RECORDS SHOWN:
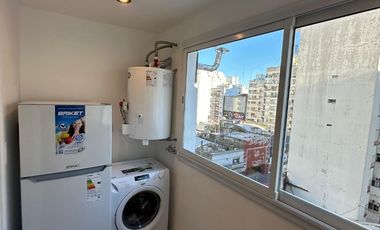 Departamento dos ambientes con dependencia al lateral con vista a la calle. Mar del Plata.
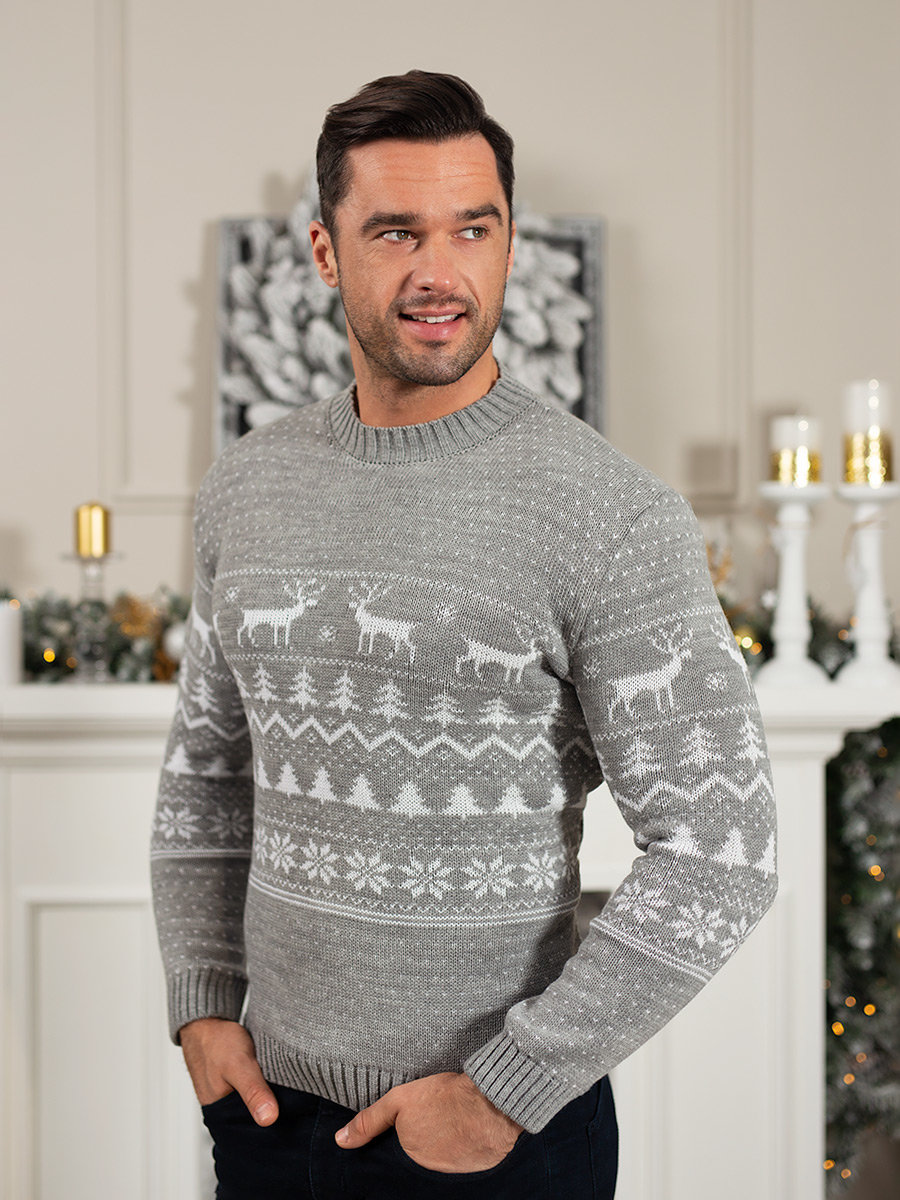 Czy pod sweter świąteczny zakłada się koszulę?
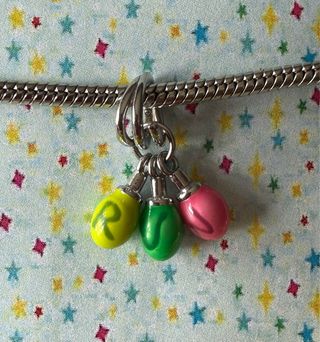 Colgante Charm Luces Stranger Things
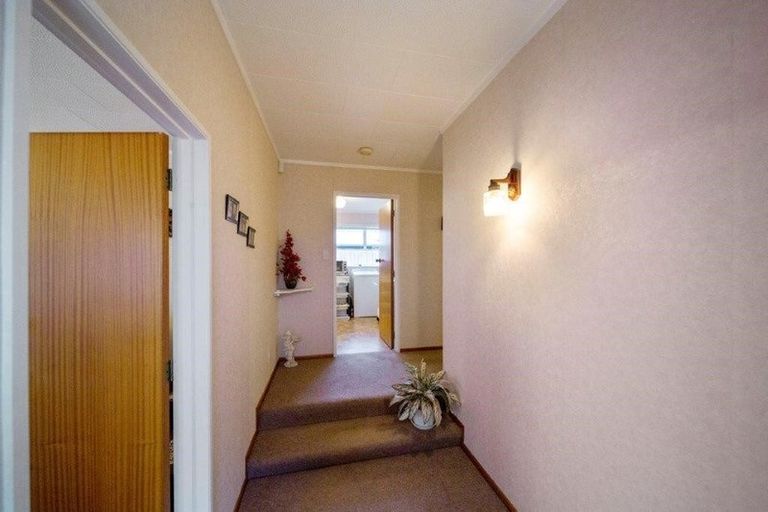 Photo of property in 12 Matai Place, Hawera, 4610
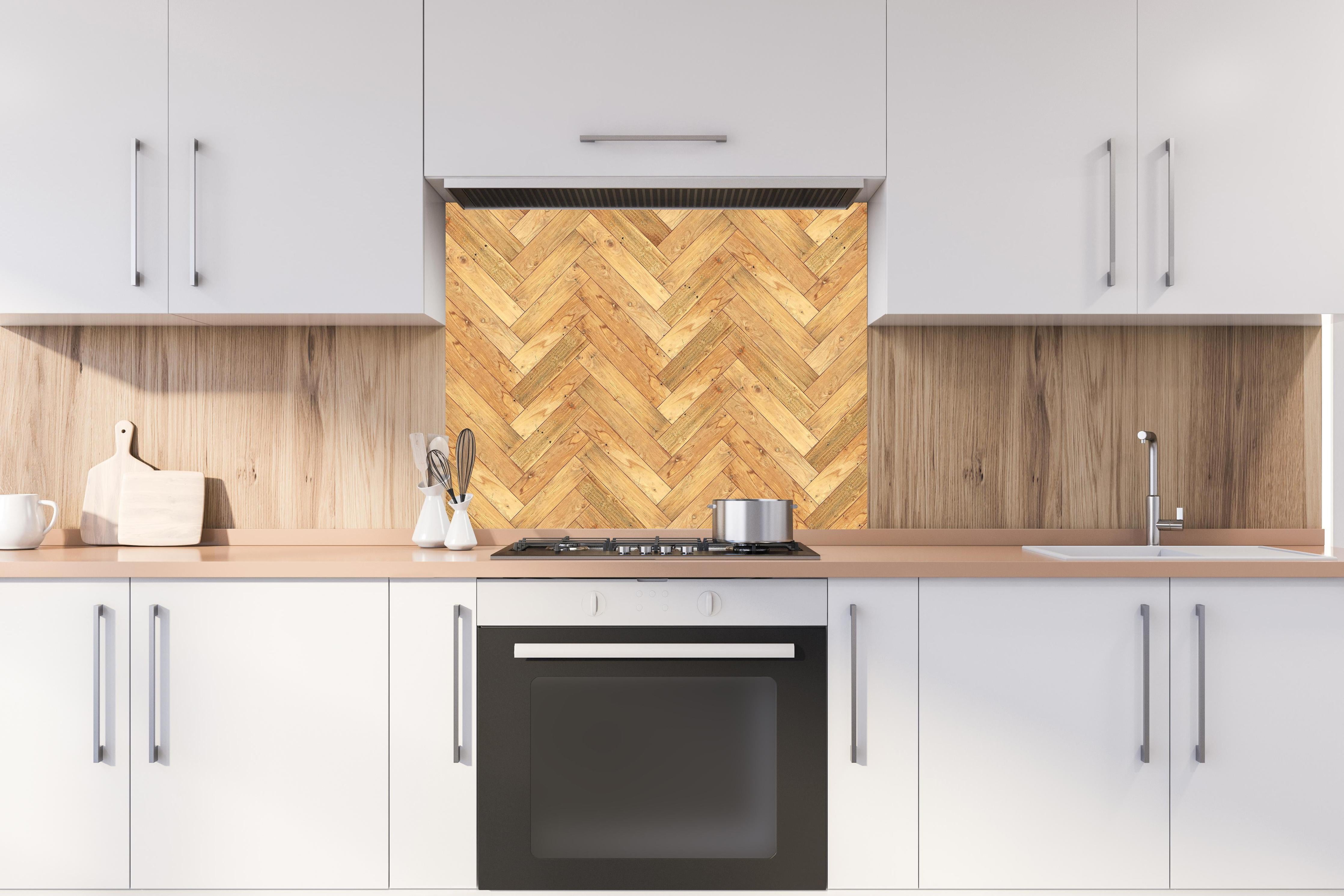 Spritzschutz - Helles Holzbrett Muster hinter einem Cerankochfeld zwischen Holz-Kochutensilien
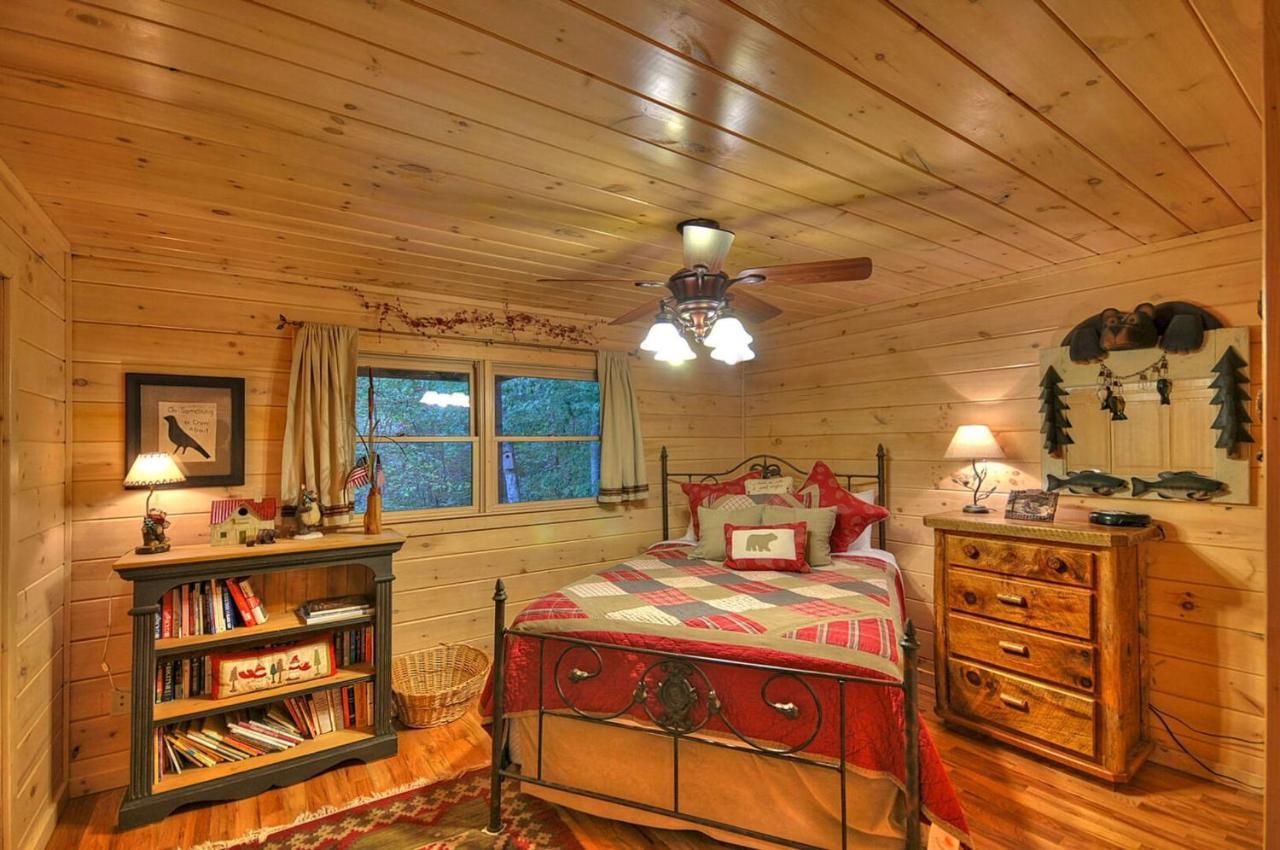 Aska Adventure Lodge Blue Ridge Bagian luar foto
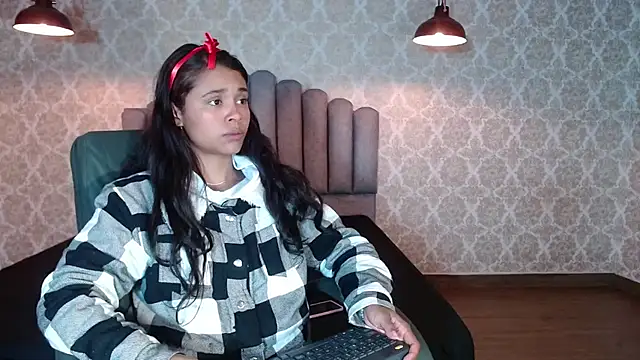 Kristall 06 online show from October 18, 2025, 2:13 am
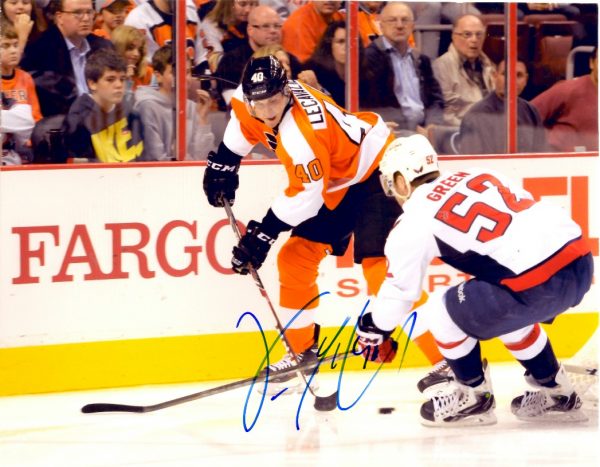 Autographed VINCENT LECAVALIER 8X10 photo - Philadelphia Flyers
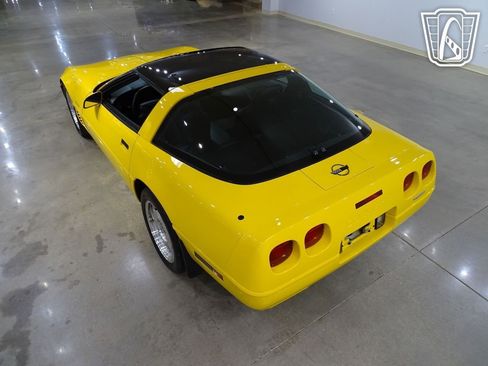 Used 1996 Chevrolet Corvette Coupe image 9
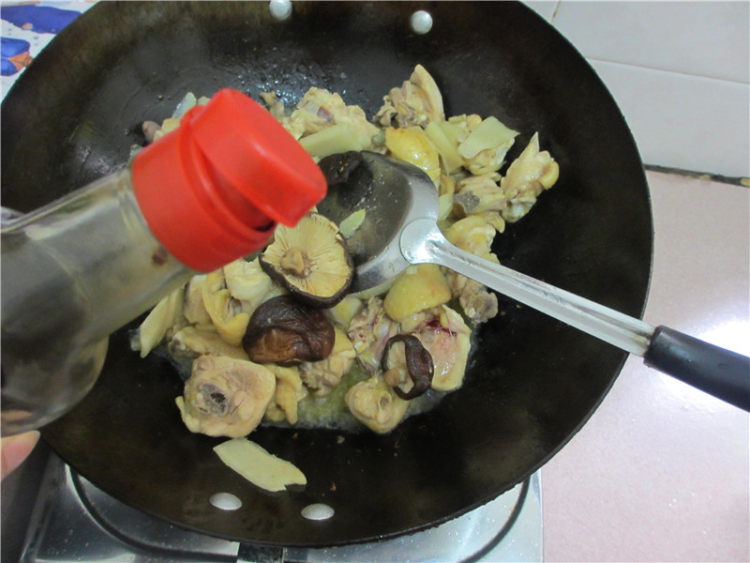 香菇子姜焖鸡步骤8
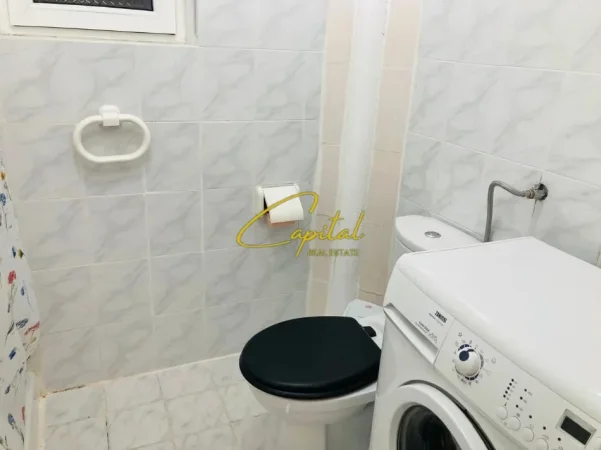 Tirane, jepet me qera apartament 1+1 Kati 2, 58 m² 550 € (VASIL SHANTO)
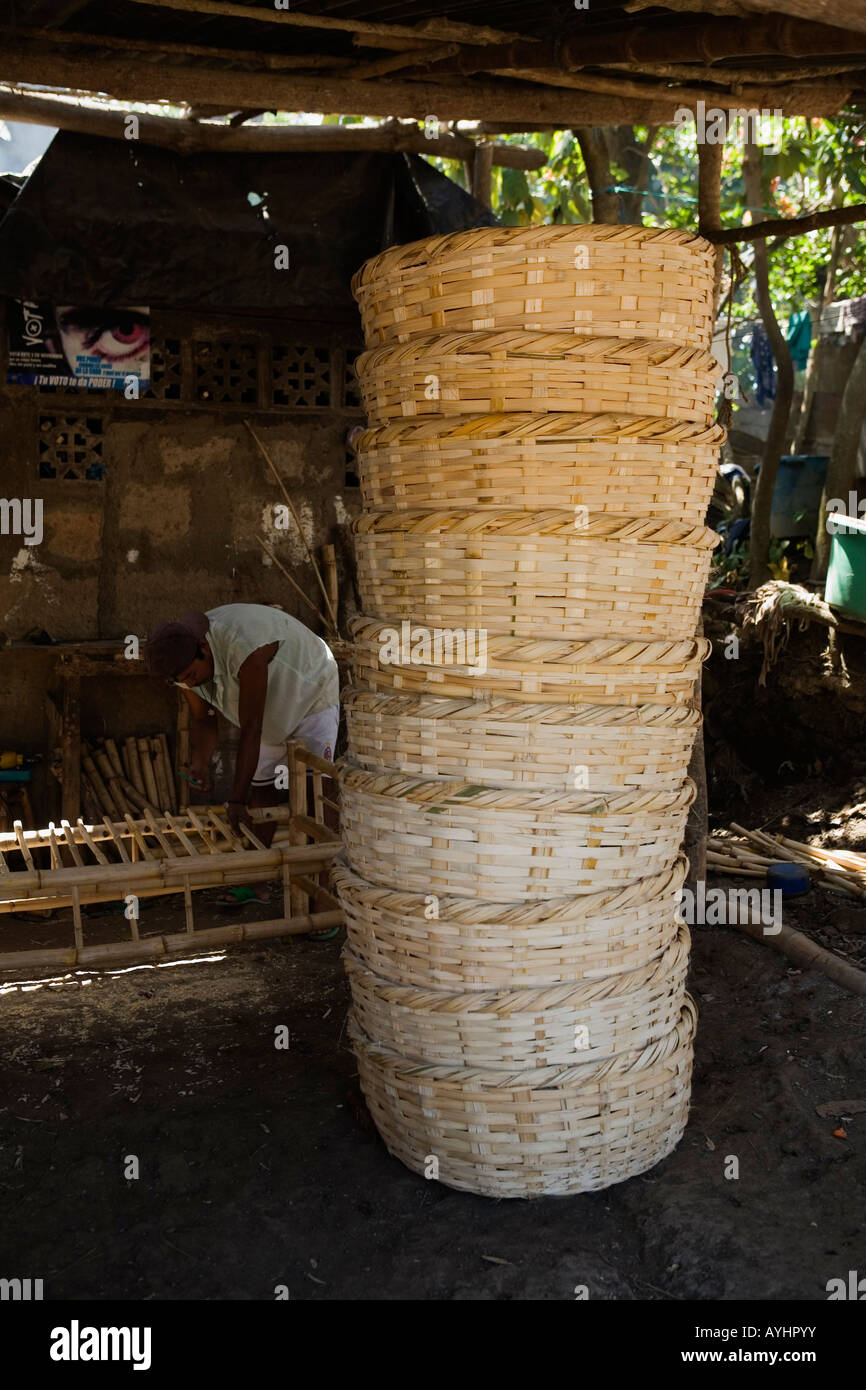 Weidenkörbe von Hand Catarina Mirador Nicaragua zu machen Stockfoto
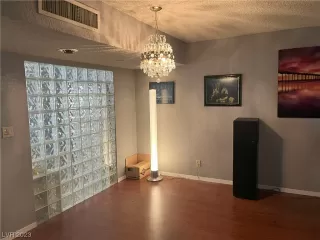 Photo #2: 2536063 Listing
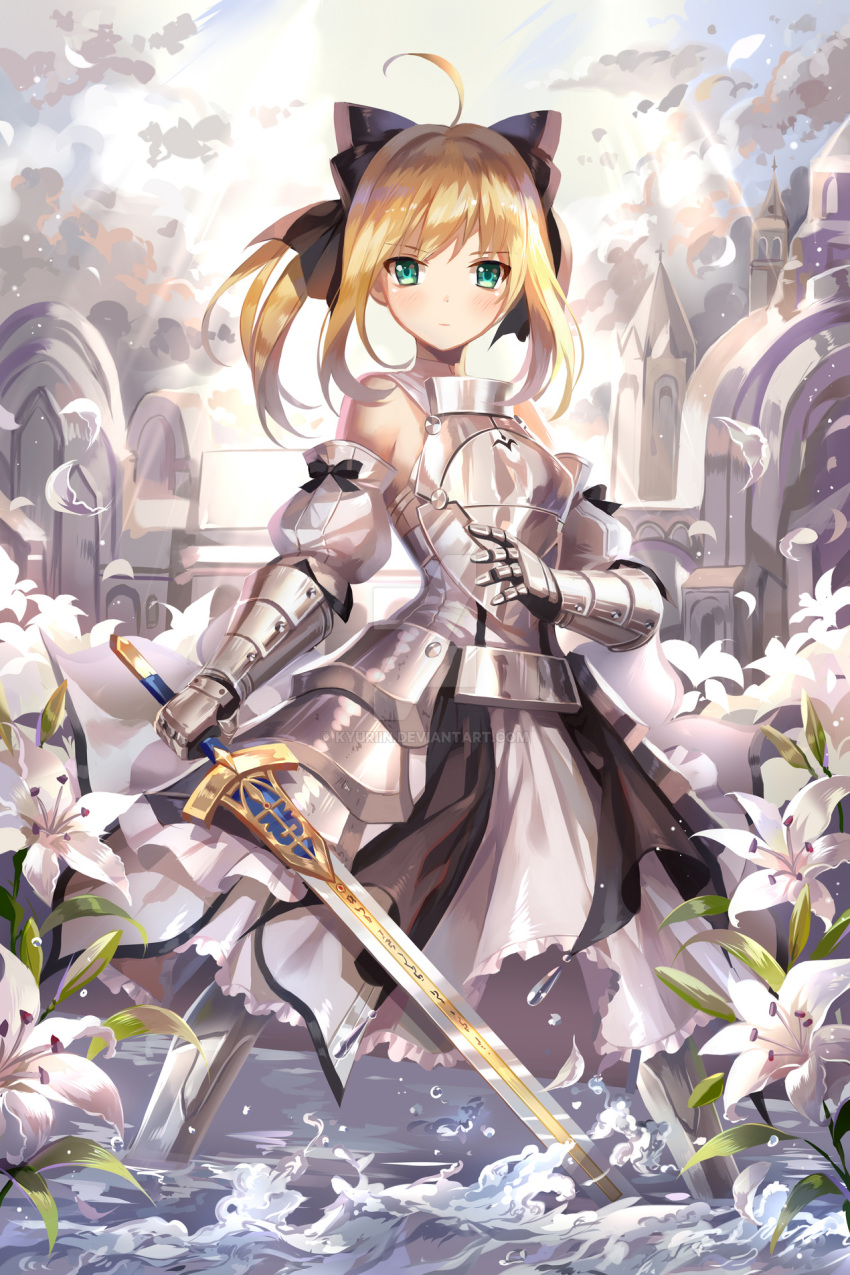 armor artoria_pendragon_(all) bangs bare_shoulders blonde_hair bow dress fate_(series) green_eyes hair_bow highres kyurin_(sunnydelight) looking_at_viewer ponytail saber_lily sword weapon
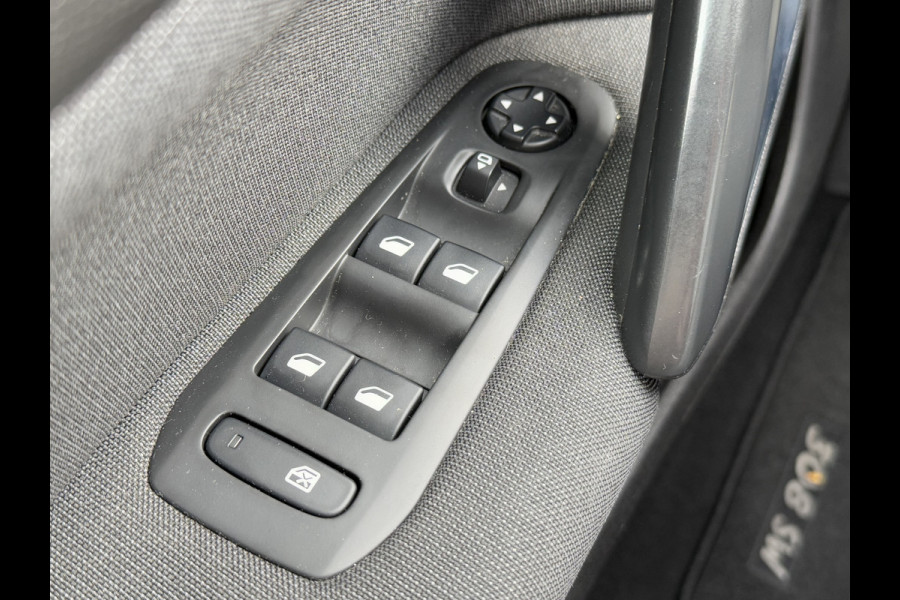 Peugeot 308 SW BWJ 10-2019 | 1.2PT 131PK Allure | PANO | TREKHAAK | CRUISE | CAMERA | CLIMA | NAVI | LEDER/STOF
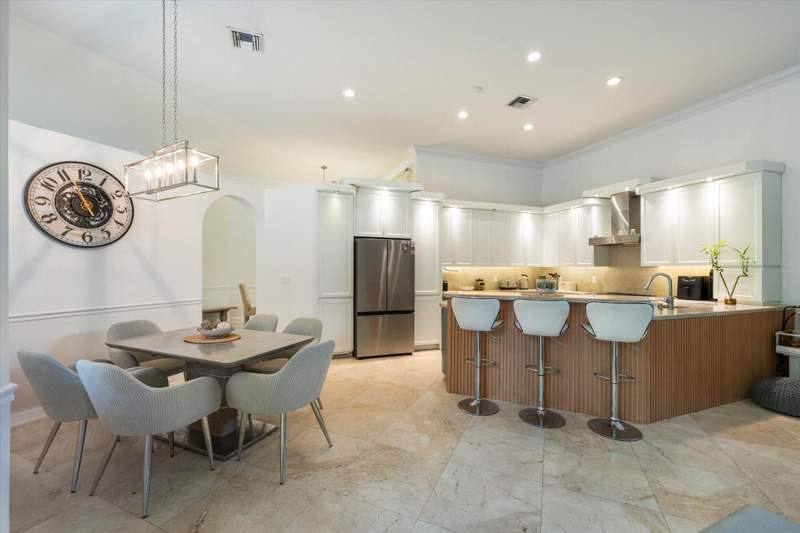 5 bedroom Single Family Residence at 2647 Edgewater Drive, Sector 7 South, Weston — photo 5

ACTIVITY: Leave the pictures aside and give the records above back word for word.

ANSWER SPACE:
 Departamento dos ambientes con dependencia al lateral con vista a la calle. Mar del Plata.
 Czy pod sweter świąteczny zakłada się koszulę?
 Colgante Charm Luces Stranger Things
 Photo of property in 12 Matai Place, Hawera, 4610
 Spritzschutz - Helles Holzbrett Muster hinter einem Cerankochfeld zwischen Holz-Kochutensilien
 Aska Adventure Lodge Blue Ridge Bagian luar foto
 Kristall 06 online show from October 18, 2025, 2:13 am
 Autographed VINCENT LECAVALIER 8X10 photo - Philadelphia Flyers
 Used 1996 Chevrolet Corvette Coupe image 9
 香菇子姜焖鸡步骤8
 Tirane, jepet me qera apartament 1+1 Kati 2, 58 m² 550 € (VASIL SHANTO)
 Weidenkörbe von Hand Catarina Mirador Nicaragua zu machen Stockfoto
 Photo #2: 2536063 Listing
 armor artoria_pendragon_(all) bangs bare_shoulders blonde_hair bow dress fate_(series) green_eyes hair_bow highres kyurin_(sunnydelight) looking_at_viewer ponytail saber_lily sword weapon
 Peugeot 308 SW BWJ 10-2019 | 1.2PT 131PK Allure | PANO | TREKHAAK | CRUISE | CAMERA | CLIMA | NAVI | LEDER/STOF
 5 bedroom Single Family Residence at 2647 Edgewater Drive, Sector 7 South, Weston — photo 5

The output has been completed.